Dat is onder meer te wijten aan de gestegen kosten van arbeid en grondstoffen, zoals staal. En dat er geen bouwwerkzaamheden mogen plaatsvinden in de Westerschelde vanwege de beschermde status brengt ook weer extra kosten met zich mee.
Het Rijk betaalt de helft van de dijkverzwaringsoperatie. Daarnaast draagt de Unie van Waterschappen veertig procent bij en betaalt Scheldestromen zelf nog tien procent. Dat komt neer op zo’n zestien miljoen euro. Maar omdat het nationale fonds voor het zogenaamde Hoogwaterbeschermingsprogramma op dit moment te weinig in kas heeft, moet het Zeeuwse waterschap ook nog eens een flink bedrag voorschieten dat het Rijk zou betalen: 52 miljoen euro.
Waterschapsbelasting
Het waterschap is hier allerminst blij mee. In Zeeland, met veel dijken en dus een grote waterveiligheidsopgave in combinatie met weinig inwoners, betekent deze dijkverzwaring dat de waterschapsbelasting voor haar inwoners één procent omhoog zal gaan.

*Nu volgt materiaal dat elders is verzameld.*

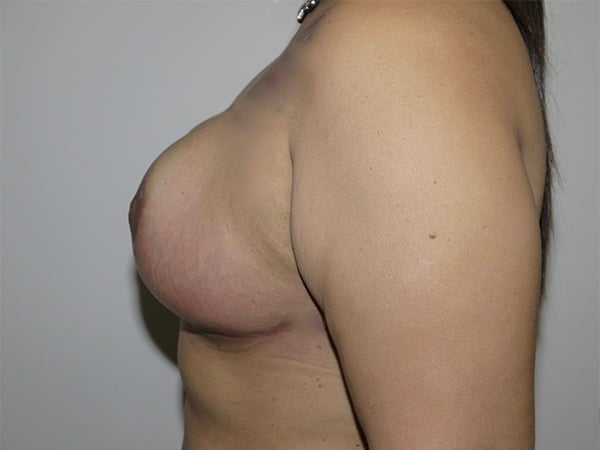 After Image: Breast Reduction - left-side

Als het karwei in Hansweert uiterlijk begin 2027 af is en de dijk de gewenste hoogte heeft bereikt, heeft het Zeeuwse dorp en het achterliggende gebied voortaan een overstromingsrisico van eens in de 100.000 jaar. De wet schrijft voor dat in 2050 alle Nederlandse waterkeringen moeten voldoen aan die nieuwste veiligheidsnorm, waarin rekening is gehouden met de gevolgen van klimaatverandering en zeespiegelstijging.
Eind dit jaar gaat de eerste spade voor de dijkverzwaring de grond in.